David Addinall, Senior Associate • Aug 29, 2017

It is becoming increasingly more common for employment contracts to include post employment restraint of trade clauses. Such clauses operate to protect a business’ interests and typically prevent former employees from competing against the business.


At the heart of restraint of trade is a common law test of ‘reasonableness’ – whether the restraint is reasonably necessary to protect an employer’s legitimate business interests. Courts look to the scope of the restriction, its time period and geographical area of operation when determining reasonableness, with courts finding such restrictions must not be wider than necessary. For example, the law will protect an employer’s trade secrets, confidential information, customer connections and staff relationships. However, the courts are unlikely to enforce a restraint clause if it simply protects an employer against mere competition or prevent a former employee from using their skills and know-how gained during their employment towards another venture.

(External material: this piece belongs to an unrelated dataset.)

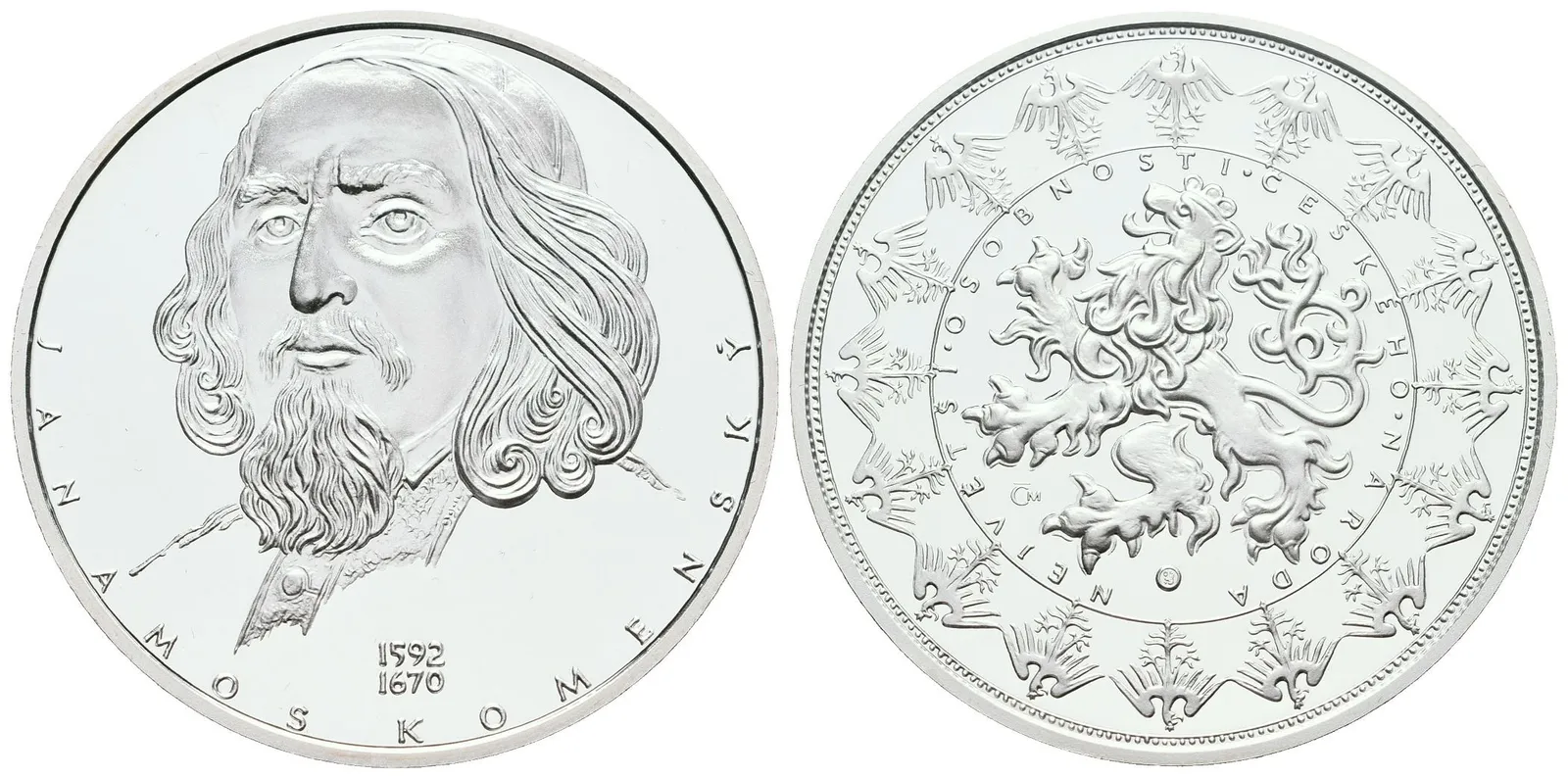 Stříbrná investiční medaile - Jan Amos Komenský - Ag 29 g - 999/1000 + Certifikát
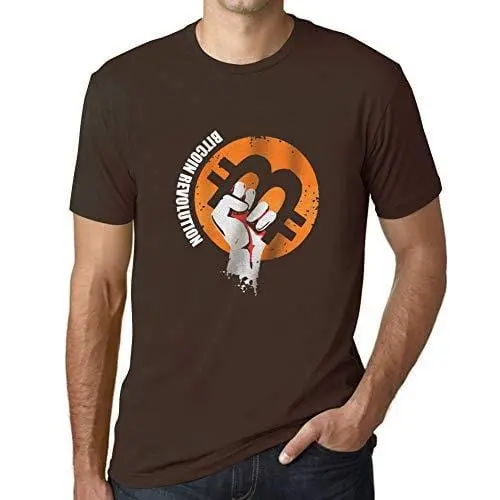 Ultrabasic - Homme T-Shirt Révolution Bitcoin T-Shirt Hodl Btc Crypto Commerçants Cadeau Imprimé Tée-Shirt Chocolate 1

Although most principles are drawn from common law, the Restraint of Trade Act 1976 (NSW) provides a further layer of assessment for matters heard within the New South Wales’ jurisdiction. Section 4 of the Act is used to assess whether the restraint is against public policy. If the breach is contrary to public policy and considered invalid, the section allows a court to ‘read down’ the terms of a restraint clause to modify it (as to the time period or geographical area) until it falls within what is considered reasonable.


Whether or not your restraint of trade clause will be read as valid will ultimately turn on the facts of your case and the business context in which the restraint arises. We recommend seeking legal advice to better understand the operation of your restraint clause in light of the law.